> DATA BLOCK
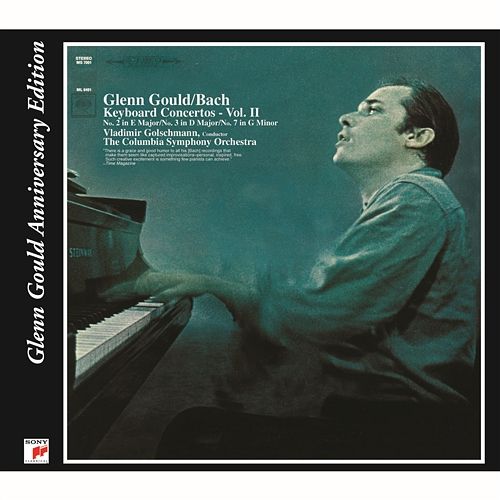 III. Allegro assai Glenn Gould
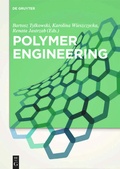 Cover: Polymer Engineering - De Gruyter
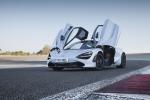 McLaren 720S Coupe 2017 года (WW)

> EXERCISE BRIEF
Omitting all pictures, set the listing down exactly.

> WRITTEN REPLY
 III. Allegro assai Glenn Gould
 Cover: Polymer Engineering - De Gruyter
 McLaren 720S Coupe 2017 года (WW)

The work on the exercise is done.